Souterrain, Lisnagree, Co. Kerry
Co. Kerry |
Settlement Sites
On the flat coastal plain that skirts Tralee Bay, roughly 275 metres from the shore, there is almost nothing left to see.
A barely discernible raised area in the ground is all that remains of a ringfort, the roughly circular enclosure of earthen banks that served as a farmstead and defended homestead for an early medieval Irish family. The fort was levelled within living memory, yet beneath or beside it, documented before the destruction, was the entrance to a souterrain, a stone-lined underground passage or chamber typically used for cold storage and, in times of danger, as a refuge.
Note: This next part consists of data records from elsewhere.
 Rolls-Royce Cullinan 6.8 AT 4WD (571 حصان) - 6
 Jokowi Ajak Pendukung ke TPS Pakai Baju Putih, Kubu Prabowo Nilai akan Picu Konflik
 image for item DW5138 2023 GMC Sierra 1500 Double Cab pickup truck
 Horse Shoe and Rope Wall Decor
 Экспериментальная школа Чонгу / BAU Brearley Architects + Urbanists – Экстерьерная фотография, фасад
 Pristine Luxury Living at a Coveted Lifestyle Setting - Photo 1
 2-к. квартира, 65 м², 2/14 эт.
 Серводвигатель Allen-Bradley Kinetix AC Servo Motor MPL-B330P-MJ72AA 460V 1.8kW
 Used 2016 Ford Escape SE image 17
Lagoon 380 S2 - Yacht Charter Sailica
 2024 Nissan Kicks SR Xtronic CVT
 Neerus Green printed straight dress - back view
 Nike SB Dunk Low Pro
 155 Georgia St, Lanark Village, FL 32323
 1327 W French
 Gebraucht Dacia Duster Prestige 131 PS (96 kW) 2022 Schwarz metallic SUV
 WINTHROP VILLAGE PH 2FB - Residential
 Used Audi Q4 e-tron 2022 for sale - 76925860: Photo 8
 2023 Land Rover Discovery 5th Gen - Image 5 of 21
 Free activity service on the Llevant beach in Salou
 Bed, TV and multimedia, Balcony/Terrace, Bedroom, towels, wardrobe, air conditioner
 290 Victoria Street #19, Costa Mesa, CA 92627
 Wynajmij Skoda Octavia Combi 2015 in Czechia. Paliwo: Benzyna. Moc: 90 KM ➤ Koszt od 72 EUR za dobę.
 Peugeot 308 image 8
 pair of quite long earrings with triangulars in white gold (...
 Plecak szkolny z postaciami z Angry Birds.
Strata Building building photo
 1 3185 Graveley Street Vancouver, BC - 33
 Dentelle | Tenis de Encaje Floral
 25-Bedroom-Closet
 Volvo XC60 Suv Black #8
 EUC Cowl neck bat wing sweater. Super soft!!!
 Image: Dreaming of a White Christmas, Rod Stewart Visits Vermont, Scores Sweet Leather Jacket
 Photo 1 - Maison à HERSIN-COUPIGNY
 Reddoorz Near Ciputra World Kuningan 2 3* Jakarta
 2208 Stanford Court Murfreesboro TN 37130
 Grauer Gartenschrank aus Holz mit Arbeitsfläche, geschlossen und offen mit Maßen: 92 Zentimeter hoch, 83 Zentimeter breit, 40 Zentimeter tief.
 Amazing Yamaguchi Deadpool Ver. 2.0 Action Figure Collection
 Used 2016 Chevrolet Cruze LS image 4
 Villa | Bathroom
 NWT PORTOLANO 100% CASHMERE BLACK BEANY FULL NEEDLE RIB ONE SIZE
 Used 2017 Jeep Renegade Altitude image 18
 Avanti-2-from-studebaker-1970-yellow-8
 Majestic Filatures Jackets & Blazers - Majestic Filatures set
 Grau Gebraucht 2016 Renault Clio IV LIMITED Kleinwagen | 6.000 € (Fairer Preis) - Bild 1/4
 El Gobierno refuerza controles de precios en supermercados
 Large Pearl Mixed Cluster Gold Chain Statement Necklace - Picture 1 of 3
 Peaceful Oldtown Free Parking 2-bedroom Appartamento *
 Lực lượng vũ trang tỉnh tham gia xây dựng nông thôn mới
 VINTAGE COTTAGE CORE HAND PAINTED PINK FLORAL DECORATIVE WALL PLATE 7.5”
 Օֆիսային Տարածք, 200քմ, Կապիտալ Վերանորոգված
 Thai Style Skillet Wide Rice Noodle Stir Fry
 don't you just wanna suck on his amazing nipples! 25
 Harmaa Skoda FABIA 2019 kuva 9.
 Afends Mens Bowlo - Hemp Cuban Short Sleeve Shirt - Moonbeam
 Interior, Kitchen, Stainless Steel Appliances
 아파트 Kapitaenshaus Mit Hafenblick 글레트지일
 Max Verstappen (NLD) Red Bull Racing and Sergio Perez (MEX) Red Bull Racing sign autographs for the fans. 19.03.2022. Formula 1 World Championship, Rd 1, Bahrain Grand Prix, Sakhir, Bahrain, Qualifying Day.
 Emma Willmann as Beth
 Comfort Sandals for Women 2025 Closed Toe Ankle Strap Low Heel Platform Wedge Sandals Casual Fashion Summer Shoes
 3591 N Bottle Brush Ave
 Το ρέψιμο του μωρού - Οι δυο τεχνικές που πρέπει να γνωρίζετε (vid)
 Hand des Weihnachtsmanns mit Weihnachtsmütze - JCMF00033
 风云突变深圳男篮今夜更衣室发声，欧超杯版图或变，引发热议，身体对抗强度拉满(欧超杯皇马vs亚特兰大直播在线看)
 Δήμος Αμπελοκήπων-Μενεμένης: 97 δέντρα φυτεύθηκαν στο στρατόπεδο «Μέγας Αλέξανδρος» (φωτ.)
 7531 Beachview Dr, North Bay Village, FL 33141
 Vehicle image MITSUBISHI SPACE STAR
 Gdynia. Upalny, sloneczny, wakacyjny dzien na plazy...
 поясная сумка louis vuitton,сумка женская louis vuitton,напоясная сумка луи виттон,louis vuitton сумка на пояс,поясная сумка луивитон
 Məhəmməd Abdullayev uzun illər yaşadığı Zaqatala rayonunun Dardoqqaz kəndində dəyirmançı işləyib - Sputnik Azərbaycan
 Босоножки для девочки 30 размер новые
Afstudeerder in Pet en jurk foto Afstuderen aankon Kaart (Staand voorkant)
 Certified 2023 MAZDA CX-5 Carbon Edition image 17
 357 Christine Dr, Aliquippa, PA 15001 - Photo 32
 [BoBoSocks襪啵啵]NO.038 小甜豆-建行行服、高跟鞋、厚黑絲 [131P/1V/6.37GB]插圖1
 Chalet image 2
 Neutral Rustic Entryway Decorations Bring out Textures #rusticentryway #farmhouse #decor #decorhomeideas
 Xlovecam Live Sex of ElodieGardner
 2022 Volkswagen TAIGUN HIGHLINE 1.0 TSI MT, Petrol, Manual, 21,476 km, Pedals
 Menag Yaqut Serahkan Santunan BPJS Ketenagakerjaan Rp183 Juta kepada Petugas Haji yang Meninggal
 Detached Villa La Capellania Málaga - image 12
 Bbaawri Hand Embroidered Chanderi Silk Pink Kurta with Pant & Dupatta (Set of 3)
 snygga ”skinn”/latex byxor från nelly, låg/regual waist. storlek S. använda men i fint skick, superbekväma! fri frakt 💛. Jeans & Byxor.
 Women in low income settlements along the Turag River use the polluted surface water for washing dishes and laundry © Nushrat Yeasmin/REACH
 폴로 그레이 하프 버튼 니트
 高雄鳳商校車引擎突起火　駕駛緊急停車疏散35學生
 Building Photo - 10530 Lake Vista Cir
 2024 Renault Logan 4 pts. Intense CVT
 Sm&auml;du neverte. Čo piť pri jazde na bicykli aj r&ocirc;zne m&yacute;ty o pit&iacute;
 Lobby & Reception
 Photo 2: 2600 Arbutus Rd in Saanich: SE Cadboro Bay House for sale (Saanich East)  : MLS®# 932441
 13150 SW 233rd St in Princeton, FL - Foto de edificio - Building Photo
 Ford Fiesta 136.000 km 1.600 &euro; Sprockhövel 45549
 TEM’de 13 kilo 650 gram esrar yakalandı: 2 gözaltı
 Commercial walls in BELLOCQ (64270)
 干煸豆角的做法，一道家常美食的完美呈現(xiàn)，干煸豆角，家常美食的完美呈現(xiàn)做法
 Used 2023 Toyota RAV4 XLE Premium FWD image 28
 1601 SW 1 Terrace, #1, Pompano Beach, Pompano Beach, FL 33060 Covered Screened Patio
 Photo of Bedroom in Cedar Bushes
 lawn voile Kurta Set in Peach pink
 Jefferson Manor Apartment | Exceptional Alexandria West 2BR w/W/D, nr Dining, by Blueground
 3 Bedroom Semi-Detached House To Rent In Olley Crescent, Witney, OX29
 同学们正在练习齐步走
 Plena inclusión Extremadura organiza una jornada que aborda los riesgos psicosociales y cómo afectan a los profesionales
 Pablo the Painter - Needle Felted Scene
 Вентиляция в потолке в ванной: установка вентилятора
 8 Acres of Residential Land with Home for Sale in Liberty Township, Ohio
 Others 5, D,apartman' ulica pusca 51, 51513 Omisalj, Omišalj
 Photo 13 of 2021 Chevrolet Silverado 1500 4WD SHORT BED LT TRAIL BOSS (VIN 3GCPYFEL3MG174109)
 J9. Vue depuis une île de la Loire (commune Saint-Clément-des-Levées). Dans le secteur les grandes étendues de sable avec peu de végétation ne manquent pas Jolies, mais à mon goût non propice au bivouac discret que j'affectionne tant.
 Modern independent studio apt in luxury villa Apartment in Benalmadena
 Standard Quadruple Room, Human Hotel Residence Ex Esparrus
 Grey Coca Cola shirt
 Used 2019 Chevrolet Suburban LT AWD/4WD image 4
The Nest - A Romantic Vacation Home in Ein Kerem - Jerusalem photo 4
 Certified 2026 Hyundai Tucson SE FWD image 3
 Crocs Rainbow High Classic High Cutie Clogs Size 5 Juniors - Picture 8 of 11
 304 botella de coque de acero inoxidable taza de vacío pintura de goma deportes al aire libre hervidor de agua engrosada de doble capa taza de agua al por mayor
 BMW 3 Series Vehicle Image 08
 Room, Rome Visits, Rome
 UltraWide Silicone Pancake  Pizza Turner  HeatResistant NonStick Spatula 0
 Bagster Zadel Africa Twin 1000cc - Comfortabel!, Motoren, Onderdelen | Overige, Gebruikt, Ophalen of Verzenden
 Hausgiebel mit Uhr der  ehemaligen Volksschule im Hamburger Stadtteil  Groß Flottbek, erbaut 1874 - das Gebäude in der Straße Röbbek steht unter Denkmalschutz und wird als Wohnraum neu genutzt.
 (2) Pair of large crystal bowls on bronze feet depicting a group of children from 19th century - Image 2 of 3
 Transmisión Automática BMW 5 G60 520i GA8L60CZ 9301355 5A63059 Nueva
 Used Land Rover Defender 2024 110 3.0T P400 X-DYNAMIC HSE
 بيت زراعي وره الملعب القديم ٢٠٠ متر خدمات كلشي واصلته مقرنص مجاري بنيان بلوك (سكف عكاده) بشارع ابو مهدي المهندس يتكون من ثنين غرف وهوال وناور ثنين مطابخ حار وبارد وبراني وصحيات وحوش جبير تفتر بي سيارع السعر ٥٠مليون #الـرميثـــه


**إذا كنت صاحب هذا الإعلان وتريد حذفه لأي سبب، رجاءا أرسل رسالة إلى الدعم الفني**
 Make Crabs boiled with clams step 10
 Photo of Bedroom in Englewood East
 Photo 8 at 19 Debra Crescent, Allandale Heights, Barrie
When members of the County Kerry Field Club visited in 1946, the ringfort was still substantially intact. At the centre of the enclosure they recorded an oblong foundation measuring 35 feet by 20 feet, roughly 10.6 metres by 6 metres, most likely the footprint of a substantial rectangular building. In the western sector of the fort they found a blocked-up opening leading into the souterrain. No further details of the underground structure were recorded at that point, leaving its extent and character a matter of inference. The site sits within the broader landscape surveyed by Judith Cuppage in her 1986 archaeological survey of the Corca Dhuibhne region of the Dingle Peninsula, a project that catalogued hundreds of monuments across that unusually dense archaeological terrain.